Set down exact lines only, from the line with "ИСТОРИИ МЕДВЕДЯ —" through the last line of the material below, with every picture left out.

**MATERIAL PROVIDED:**
═══

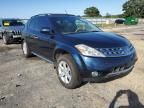 2006 Nissan Murano SL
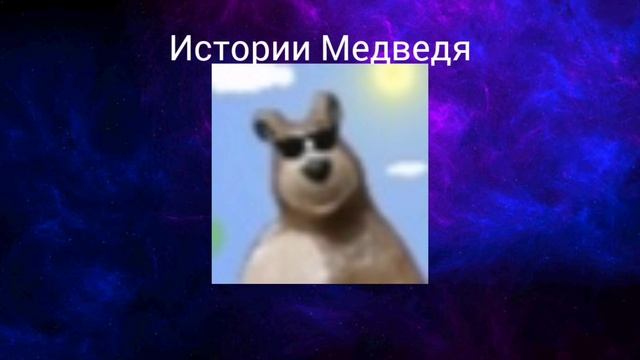 ИСТОРИИ МЕДВЕДЯ — начальная информация о канале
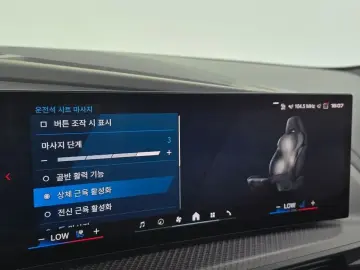 2025 BMW XM с пробегом 5 803 км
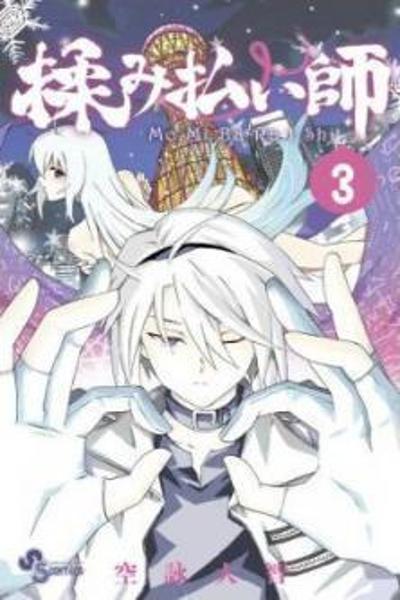 Momi-Baraishi cover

═══

**RESULT OF THIS EXERCISE:**
 ИСТОРИИ МЕДВЕДЯ — начальная информация о канале
 2025 BMW XM с пробегом 5 803 км
 Momi-Baraishi cover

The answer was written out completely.